- Campolungo-Villa Sant'Antonio Location of Campolungo-Villa Sant'Antonio in Italy
- Coordinates: 42°51′26.8″N 13°41′38.11″E﻿ / ﻿42.857444°N 13.6939194°E
- Country: Italy
- Region: Marche
- Province: Province of Ascoli Piceno (AP)
- Comune: Ascoli Piceno
- Elevation: 72 m (236 ft)

Population
- • Total: 716
- Time zone: UTC+1 (CET)
- • Summer (DST): UTC+2 (CEST)
- Postal code: 63100
- Dialing code: 0736
- Patron saint: Saint Mary of the Assumption
- Saint day: 15th August

= Campolungo-Villa Sant'Antonio =

Italian frazione in the province of Ascoli Piceno

Campolungo-Villa Sant'Antonio is a frazione (hamlet) of the comune (municipality) of Ascoli Piceno, Marche, Italy.

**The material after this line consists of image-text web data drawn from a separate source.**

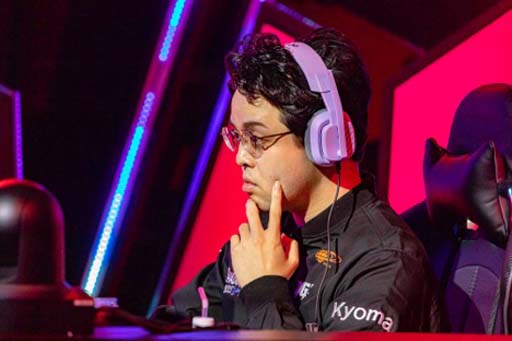 画像ギャラリー No.011のサムネイル画像 / 「RAGE Shadowverse 2022 Winter」GRAND FINALS,優勝賞金1000万円を獲得したのは“King of ミステリアス”あ選手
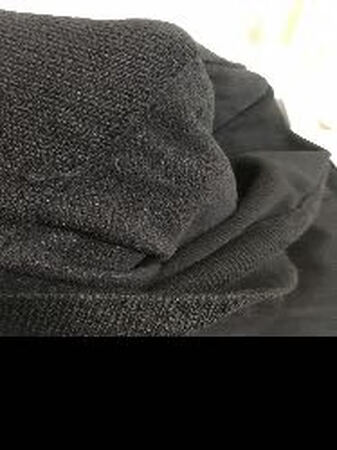 质量真心不行，回来就把包装拆开，里外没有看到商标说明，不知道是什么材料，也真不知道是不是正品的？！裤腰上还有线头，几十块钱的东西，都不知道该怎么说！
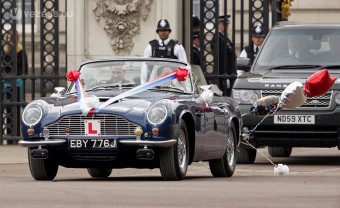 Sportkocsival távozott a hercegi pár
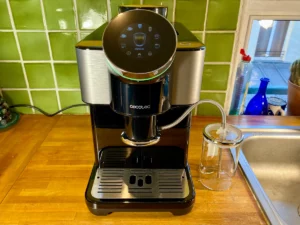 La machine à café à grain Cecotec Cremmaet Spin (c) Labo Maison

The frazione has a population of 716 people, and it is located about 10,5 km east of Ascoli Piceno.

== Geography ==
The frazione is located east of Ascoli Piceno, in a lower and flatter area of the Tronto valley. The settlement is crossed by the Salaria highway. The frazione border to the north with the comuni of Castel di Lama and Castorano, to the east with Colli del Tronto and to the south with Maltignano, Sant'Egidio alla Vibrata and Ancarano, of which the last two are located in Abruzzo. In Campolungo-Villa Sant'Antonio is located part of the industrial area of the comune of Ascoli Piceno.

== History and monuments ==
The history of Campolungo-Villa Sant'Antonio is tied to the one of the Sgariglia noble family, which had its residence there. The main mouments of the frazione are Villa Sgariglia, the baroque villa of the Sgariglia family, the church of Saint Mary of the Assumption, built in 1777 and dedicated to the patron saint of the settlement, Castello di Cartofaro (Castle of Cartofaro), a noble residence built in the 16th century and the Fermo Posta, which was used as a stopping point for travellers.